Treating High Cholesterol: Why Statins Are a Great Start

Ideally, the level of LDL (“bad”) cholesterol in your blood should be below 100 mg/dL. Higher levels can lead to serious problems over time, including heart attack and stroke. Statins have been shown to reduce the liver’s production of cholesterol, lowering LDL (“bad”) cholesterol levels by up to 60%. That, in turn, lowers the risk of heart disease by up to 37% and the risk of stroke by up to 31%. If statins don’t get you to your goal at first, your doctor may recommend raising the dose or adding another type of medication.

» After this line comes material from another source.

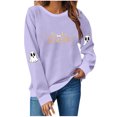 thumbnail image 2 of FDGIU Women's Halloween Sweatshirt 2025 - Spooky Ghost and Pumpkin Graphic Long Sleeve, Cute Fall Pullover Top, Funny Crewneck Cozy Seasonal Fashion, 2 of 4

Cholesterol and Statins: Add-On Therapies for Better Control

Statins don’t lower bad cholesterol enough for about half of the people who take them. Combining statins with another therapy is a common way to get better results. The four main types of add-on therapies are:

  • Bile acid sequestrants
  • Fibrates
  • Ezetimibe
  • Bempedoic acid

A bile acid sequestrant (BAS) works differently than statins. Instead of reducing the liver’s production of cholesterol directly, BSA resins bind to cholesterol-producing bile acids in your intestine, block them from entering your blood, and eliminate them as bodily waste. Essentially, the combination of a statin and a BAS attacks cholesterol in your body on two fronts, lowering bad cholesterol by up to 56%, about the same as some people achieve with statins alone. As an added bonus, a BAS may also help lower blood sugar, making it a popular choice for those who have both high cholesterol and diabetes. Examples include colestipol (Colestid) and colesevelam (Welchol).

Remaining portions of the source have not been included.